This morning at KM World in San Jose we started off with a memorial to Melissie Rumizen. Steve Barth, Verna Allee and myself read our own and other tributes to the background of photographs collected from her friends. Many people in that audience knew her directly or through her work so it was a sympathetic audience and a moving experience.
James Surowiecki was first up of the keynotes (my turn comes on Thursday) with a well rehearsed powerpointless presentation that provided a good introduction to his Wisdom of Crowds. Now I have heard James several times before and the material is familiar. On this occasion he focused on the three conditions necessary for the crowd to be wiser that any of its individual members. I think it’s worth summarising those and adding some comments on the implications
The three conditions are (my summary)
- There has to be a way of aggregating individual responses to provide collective judgement
- There has to be cognitive diversity in the participating group
- Each of the participants has to make decisions independently of the others.

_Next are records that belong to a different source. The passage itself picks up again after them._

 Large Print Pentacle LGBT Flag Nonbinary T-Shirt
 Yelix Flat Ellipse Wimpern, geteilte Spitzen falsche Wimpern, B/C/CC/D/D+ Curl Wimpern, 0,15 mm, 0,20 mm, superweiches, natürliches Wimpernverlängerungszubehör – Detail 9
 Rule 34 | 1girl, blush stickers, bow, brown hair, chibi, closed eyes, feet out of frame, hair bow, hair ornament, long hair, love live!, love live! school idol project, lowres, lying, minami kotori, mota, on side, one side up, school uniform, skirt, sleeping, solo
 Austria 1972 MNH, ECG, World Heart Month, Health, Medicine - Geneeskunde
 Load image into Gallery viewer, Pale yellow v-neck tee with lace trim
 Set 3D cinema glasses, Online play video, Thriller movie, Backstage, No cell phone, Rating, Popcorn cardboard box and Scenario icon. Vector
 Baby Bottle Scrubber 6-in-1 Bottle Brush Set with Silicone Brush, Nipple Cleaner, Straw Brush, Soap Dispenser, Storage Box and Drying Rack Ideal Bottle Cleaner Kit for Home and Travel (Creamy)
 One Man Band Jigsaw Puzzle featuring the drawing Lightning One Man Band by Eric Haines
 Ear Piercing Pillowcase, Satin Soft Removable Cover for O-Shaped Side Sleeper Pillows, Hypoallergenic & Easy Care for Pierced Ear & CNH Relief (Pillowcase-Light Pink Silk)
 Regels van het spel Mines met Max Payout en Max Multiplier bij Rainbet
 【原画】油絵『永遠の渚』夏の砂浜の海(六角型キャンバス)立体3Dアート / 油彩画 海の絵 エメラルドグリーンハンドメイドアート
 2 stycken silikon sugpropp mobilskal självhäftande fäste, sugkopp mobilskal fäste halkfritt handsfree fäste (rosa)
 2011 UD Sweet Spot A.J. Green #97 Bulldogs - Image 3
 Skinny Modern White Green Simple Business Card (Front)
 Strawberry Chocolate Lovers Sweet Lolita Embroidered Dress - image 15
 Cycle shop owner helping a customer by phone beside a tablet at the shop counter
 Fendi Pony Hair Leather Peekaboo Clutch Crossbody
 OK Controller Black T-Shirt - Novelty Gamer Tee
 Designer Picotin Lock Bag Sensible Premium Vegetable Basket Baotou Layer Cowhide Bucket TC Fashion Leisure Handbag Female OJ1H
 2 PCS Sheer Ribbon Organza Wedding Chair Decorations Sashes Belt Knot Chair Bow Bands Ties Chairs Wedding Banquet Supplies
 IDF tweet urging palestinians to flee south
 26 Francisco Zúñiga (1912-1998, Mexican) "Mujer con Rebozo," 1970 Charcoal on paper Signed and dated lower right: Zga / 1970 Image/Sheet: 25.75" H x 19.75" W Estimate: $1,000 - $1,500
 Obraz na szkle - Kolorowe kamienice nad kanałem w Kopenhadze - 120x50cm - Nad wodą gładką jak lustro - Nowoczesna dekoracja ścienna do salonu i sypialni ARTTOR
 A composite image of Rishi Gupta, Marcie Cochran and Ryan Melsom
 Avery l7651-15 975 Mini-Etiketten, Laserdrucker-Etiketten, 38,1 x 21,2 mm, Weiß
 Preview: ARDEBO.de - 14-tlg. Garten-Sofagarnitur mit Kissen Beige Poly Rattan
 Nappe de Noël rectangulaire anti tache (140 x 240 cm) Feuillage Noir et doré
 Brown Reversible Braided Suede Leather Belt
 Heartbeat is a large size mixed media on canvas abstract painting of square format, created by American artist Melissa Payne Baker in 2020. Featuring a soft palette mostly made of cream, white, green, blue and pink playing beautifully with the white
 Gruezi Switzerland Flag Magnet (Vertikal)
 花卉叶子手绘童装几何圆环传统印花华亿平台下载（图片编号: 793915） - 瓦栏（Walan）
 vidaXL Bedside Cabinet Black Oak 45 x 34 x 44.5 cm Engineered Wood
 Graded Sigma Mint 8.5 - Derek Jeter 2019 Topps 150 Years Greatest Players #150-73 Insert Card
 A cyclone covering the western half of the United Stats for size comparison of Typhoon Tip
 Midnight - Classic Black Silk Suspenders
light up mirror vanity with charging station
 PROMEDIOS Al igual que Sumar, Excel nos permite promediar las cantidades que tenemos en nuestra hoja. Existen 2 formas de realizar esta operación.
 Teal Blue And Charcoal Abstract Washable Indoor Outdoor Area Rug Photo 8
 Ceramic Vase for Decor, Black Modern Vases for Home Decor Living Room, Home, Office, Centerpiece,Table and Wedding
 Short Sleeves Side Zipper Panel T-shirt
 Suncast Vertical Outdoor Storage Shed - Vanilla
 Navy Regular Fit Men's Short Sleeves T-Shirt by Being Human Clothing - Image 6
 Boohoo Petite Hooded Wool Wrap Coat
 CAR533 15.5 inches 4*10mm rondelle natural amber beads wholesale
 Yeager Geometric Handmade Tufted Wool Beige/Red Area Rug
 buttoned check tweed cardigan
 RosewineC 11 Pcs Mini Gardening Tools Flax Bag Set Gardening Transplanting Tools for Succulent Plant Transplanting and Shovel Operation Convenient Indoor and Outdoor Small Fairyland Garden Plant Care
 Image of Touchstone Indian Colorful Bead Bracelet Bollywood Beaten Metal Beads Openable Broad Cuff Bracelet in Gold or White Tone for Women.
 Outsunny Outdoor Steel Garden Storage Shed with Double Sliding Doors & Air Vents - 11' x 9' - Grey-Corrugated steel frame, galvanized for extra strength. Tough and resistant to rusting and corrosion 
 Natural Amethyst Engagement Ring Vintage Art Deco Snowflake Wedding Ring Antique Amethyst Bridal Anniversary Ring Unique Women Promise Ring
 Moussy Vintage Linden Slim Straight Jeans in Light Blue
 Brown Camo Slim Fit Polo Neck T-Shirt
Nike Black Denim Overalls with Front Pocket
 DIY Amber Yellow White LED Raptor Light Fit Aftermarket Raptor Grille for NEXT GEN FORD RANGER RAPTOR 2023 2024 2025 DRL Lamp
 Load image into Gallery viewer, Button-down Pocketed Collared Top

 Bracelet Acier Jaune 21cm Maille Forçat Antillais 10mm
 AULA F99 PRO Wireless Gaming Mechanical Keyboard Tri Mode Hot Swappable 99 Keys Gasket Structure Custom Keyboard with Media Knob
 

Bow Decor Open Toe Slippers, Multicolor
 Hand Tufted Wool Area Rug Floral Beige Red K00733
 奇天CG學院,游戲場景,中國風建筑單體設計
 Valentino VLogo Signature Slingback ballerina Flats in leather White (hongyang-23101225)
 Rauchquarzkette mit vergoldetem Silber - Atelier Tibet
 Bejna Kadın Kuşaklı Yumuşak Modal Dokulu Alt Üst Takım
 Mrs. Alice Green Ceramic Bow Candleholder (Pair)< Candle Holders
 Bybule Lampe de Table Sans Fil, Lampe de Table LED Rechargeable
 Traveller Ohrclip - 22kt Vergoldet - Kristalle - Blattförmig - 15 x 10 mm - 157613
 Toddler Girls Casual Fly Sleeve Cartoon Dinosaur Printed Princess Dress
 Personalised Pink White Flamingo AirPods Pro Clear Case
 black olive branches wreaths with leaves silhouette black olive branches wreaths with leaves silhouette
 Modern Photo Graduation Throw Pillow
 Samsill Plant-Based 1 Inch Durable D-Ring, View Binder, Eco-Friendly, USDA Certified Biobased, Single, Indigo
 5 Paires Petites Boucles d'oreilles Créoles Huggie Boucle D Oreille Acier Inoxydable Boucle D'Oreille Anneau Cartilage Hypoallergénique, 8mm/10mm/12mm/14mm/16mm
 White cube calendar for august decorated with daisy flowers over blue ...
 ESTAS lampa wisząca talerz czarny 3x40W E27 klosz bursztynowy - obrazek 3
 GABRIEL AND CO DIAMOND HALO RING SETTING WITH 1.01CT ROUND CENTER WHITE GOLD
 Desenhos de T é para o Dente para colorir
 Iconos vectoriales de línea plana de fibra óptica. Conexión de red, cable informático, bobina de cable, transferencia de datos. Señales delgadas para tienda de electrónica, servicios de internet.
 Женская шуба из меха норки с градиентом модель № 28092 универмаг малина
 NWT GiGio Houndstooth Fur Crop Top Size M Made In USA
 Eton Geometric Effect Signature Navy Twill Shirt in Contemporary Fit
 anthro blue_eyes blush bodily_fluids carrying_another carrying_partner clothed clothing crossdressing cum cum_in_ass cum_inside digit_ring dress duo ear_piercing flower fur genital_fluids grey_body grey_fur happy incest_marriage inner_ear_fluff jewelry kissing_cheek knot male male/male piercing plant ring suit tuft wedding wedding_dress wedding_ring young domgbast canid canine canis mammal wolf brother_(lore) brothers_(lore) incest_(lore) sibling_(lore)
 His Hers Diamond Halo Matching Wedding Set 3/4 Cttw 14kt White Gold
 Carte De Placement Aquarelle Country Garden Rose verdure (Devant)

Now all of these makes sense, it links in with large number mathematics – assuming a chaotic system in which each agent is independent of the other, thus probability and statistical distributions work. Our own work in Singapore with the Seeker module in SenseMaker™ conforms with all three requirements and there is other good work in this area.
One of the illustrations James used is prediction markets. There are many variations on this approach, but generally a group of people treat an outcome or range of outcomes as a market and invest/take options etc on outcomes. The argument is that prediction markets outperformed (to take one example) opinion polls in US elections. Now this was true, but I am not sure if it still is. When prediction markets started they were novel, new, now one knew how they worked so they did (work that is).
However, the results and the implications are now known, so it becomes more likely that prediction markets will be gamed, at least in some cases. We know for example that people want to support a winner, so placing more bets on a candidate will shorten the odds and increase the chance of election. This does not happen in the odds on a horse race as the horses are not influenced by the calls of the bookies. However in an election is more easy to manipulate.
In effect I am arguing that prediction markets can break the third rule. Because the results are visible, behavior is influenced. In effect the system is complex not chaotic. The agents are not independent, they influence each other and the system, and the system in turn constrains the agents. This means that the potential for both entrainment and unpredictability increase. Of course the very concept of prediction is anathema in a complex system I should emphasise here that I think prediction markets are a useful tool, but they are being over hyped, and badly so at the moment.
One might also argue that the second criteria is not present as people prepared to place bets on the outcome of an election may be an unrepresentative subset of the population as a whole. All of this comes before the fact the there is a strong argument to ban all opinion polls (and prediction markets) as they have too much an influence on the outcome of elections. While we are at it, maybe we should ban advertising and sound-bites, instead sending politicians out to speak live from the back of railway carriages or (as in my youth) from the back of a lorry. That way the politician had to engage with people, survive hecklers and generally display abilities to hold and sway a crowd. Such a crowd may well be wiser than the press, and the approach is certainly less expensive. Maybe the money now been spent on the US election could then be deployed to provide health care for the whole population rather than just to an insured elite?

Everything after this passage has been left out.